Jan 19, 2021 - 6:00:15 PM

10984 posts since 6/17/2003

Set your bridge so it is correctly intonating on the first and 4th strings. If the second and third strings are sharp, you need a compensated bridge, compensated by the amount needed to bring those strings into proper intonation. If the bridge is correct and the intonation is good with the open strings, but it gets wonky when you fret strings, put a capo on the banjo, retune the strings, and if the strings intonate correctly when capoed but not when played open, then you have a worn nut. That could be the case with the older banjo.

Jan 20, 2021 - 10:03:59 AM

139 posts since 7/14/2017

This is 99% certain that your nut slots are not deep enough.

The way to check is to hold each string down between frets 2 and 3, and then check the space between fret 1 and the string. If you can slide a scrap of printer paper between fret and string, and feel it rubbing on both, you are just about low enough. Any bigger gap and your nut slots need deepening.
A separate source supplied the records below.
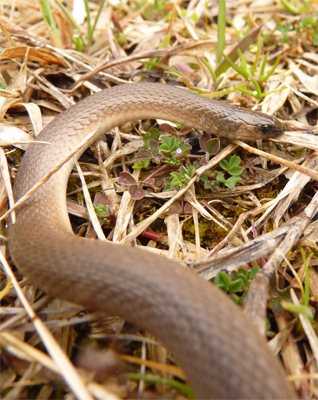 rghearthsnake30160_s
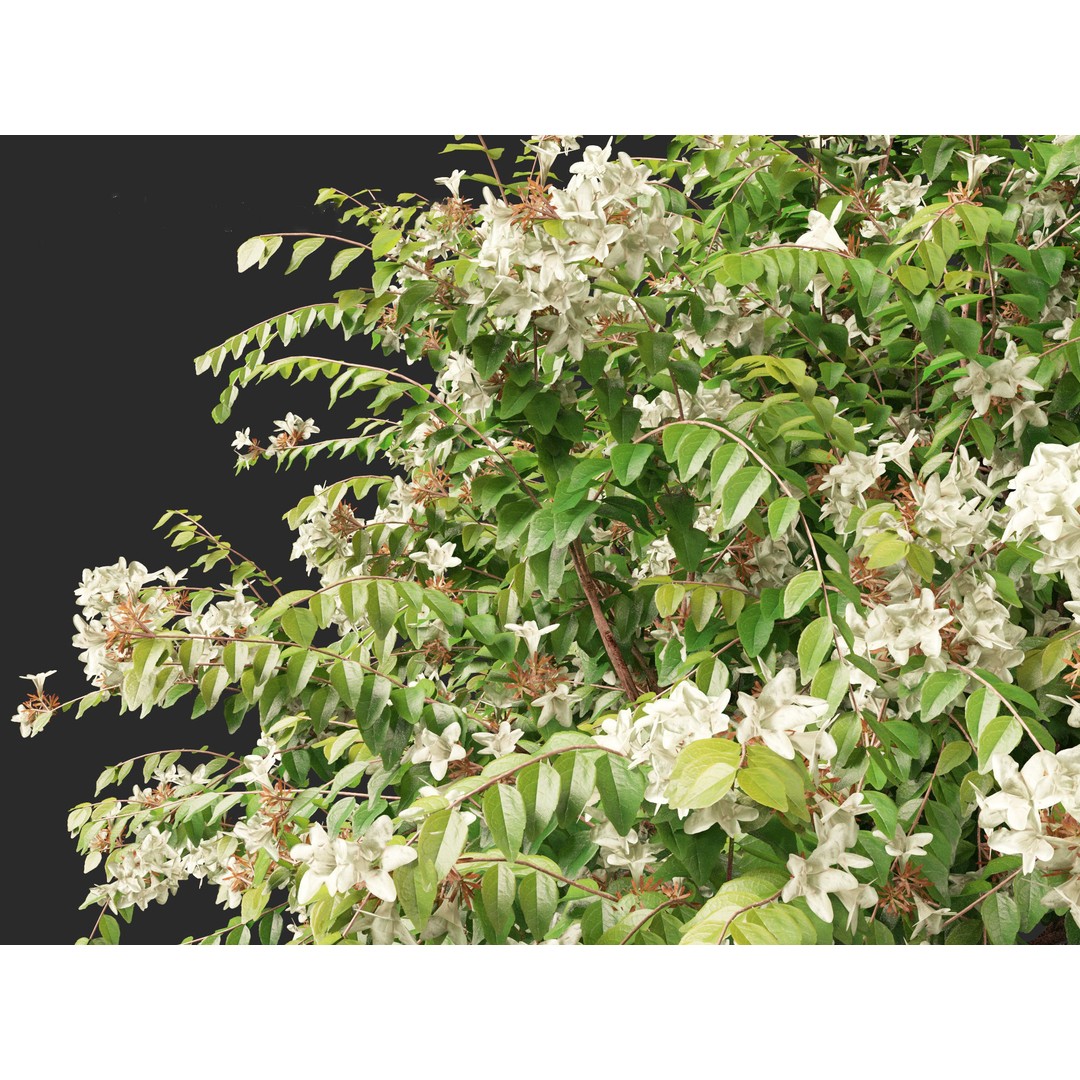 Abelia x grandiflora 3D Model – Glossy Bush Asset, FBX & Blender - View 4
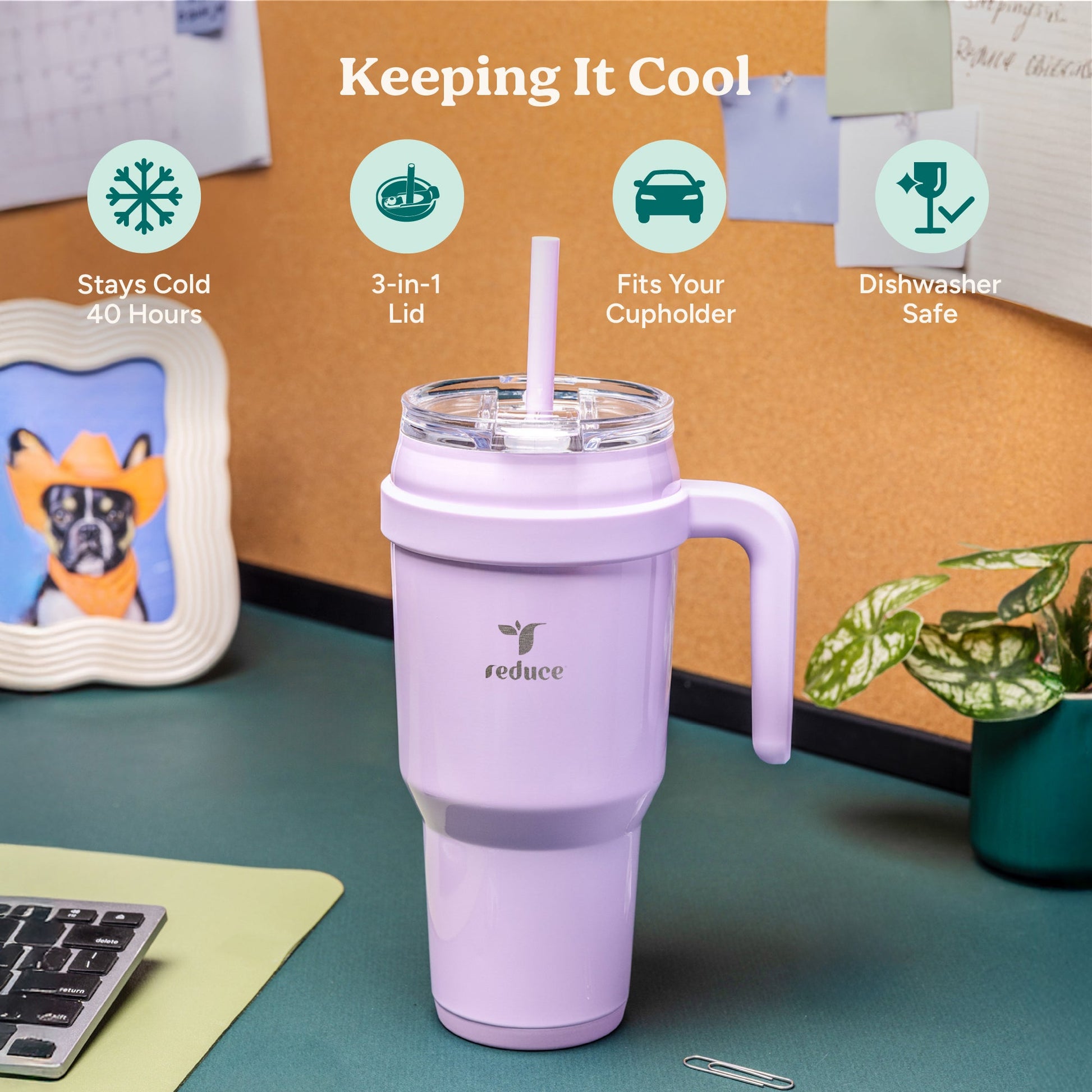 cold1-40-oz-c9 Cold1_40oz_PinaColada_Infographic_1.jpg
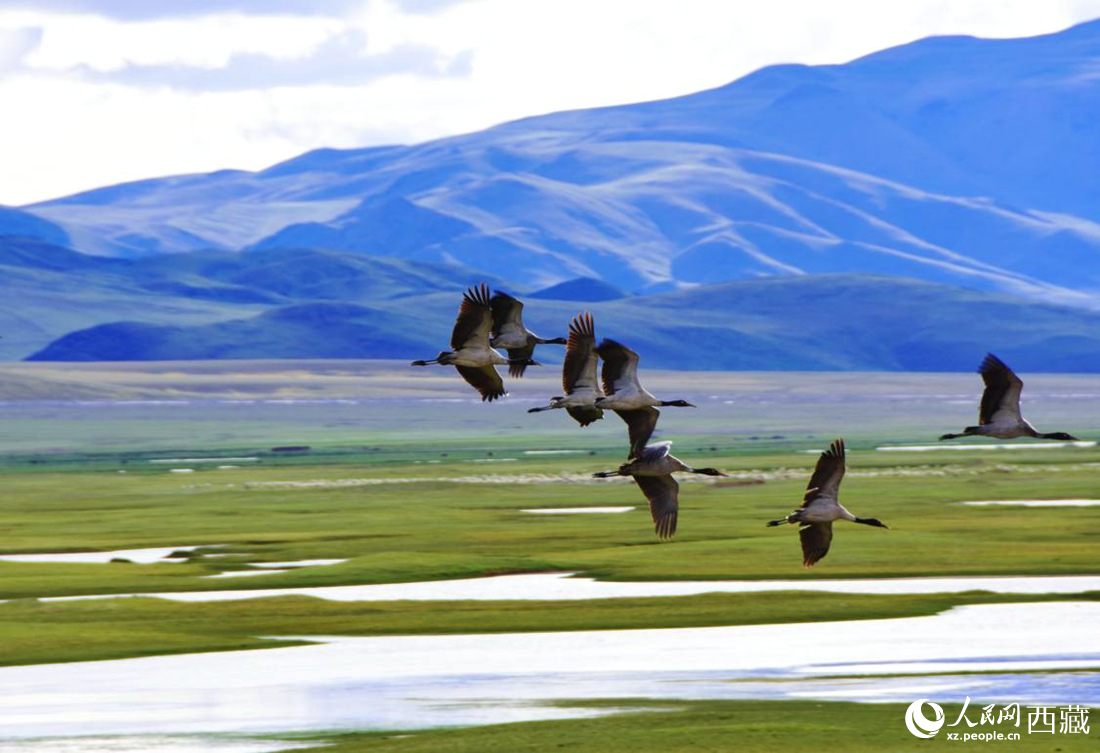 黑頸鶴在草原起舞。人民網(wǎng) 李海霞攝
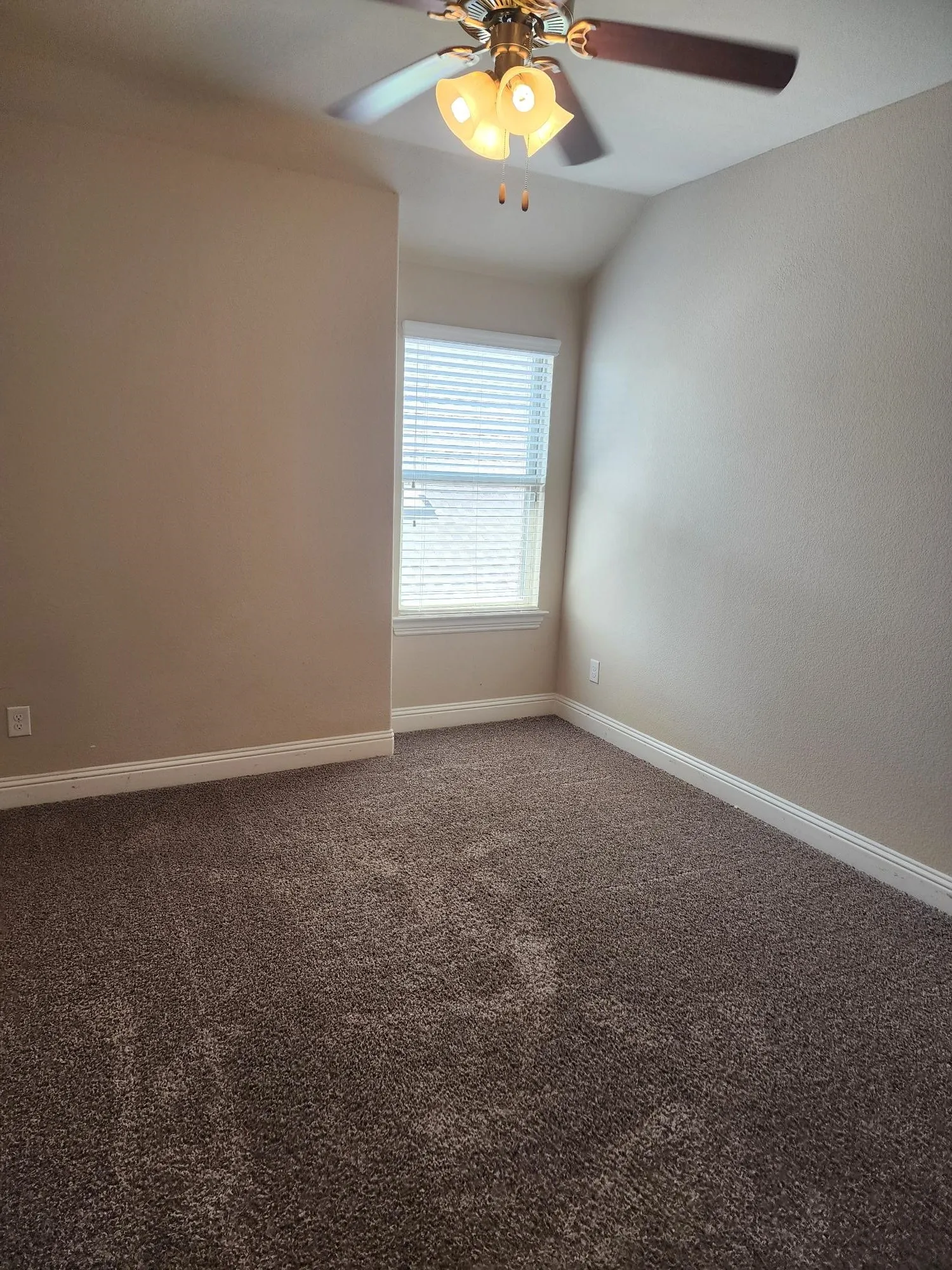 Neutral wall tones, textured carpet, window with blinds, ceiling fan with integrated lighting, and white trim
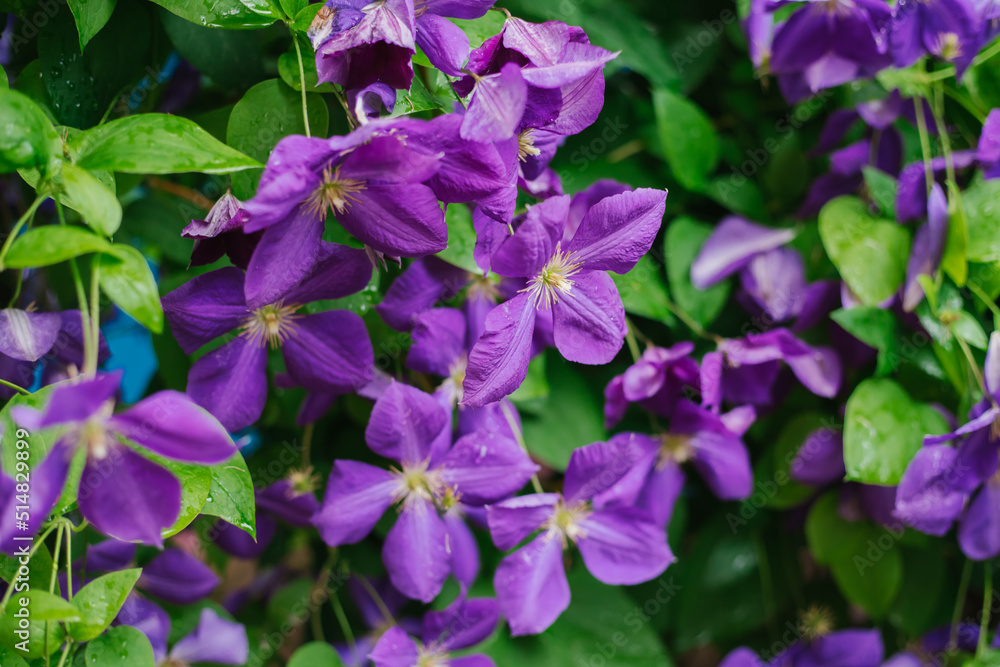 Blooming clematis flowers on a background of green foliage. Summer season, June. Natural background. Weaving plants. A hedge.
As someone posted previously, a high nut makes the lower frets play sharp, with the problem reducing as you go up the neck. This is because you have to stretch the strings too far to get them to the frets.

Jan 20, 2021 - 11:00:13 AM

7 posts since 12/12/2020

Wow this community is awesome! There is so much info and help from everyone. Sorry for a late reply to everyone, I don't get on the internet often. Now, to be honest, some of these tips are over my head due to me still learning the language of music and the banjo. I did play around with the bridge little bit more after reading some tips, some one mentioned earlier that moving my bridge towards tail piece an 1/8" might be too much, I now have it about 1/16" and I have it so that my 1st string and 4th string are perfectly tuned open and when 12th fret are pressed down. These two tips have helped it some.

So file down my nut? Sounds easy enough, but first I need to try the printer paper 1st to verify the string to fret height. Based off of previous online research, I thought I was supposed to adjust the truss rod in neck to adjust the action, not filing down nut? Can anyone explain this to me?


I do have more information now that i didn't know about when originally posting this forum.

Last night I replaced my bridge and played the 1st through 4th strings all the way down the neck. When played open everything is tuned nicely, but as you all know when I start to play down the neck the notes are on the sharp side, BUT when I play the frets after the 5th fret, the notes are very close to being in tune. So frets 1-5 are sharp, frets 7-12 are really close to being in tune. Does that make sense?

Thank you again

Jan 20, 2021 - 11:06:34 AM

7 posts since 12/12/2020

Another question,

If the cause of this issue is just the nut, shouldn't the manufacturer make the nut correctly?

Also my nut is not glued in or anything. If I apply pressure to my nut from either side, it slides a little, should I glue it on or is it suppose to be that way?

Jan 20, 2021 - 2:28:47 PM

1385 posts since 2/9/2007

Most fretted instruments come from the factory needing at least some final setup, and very few have the action at the nut set optimally. A competent dealer does a shop setup on every instrument before selling it.

The nut shouldn't slide around, but you want it to be reasonably easy to remove for reworking or replacement. I usually use just a drop of CA (superglue) on the face of the nut that goes against the endgrain of the fingerboard.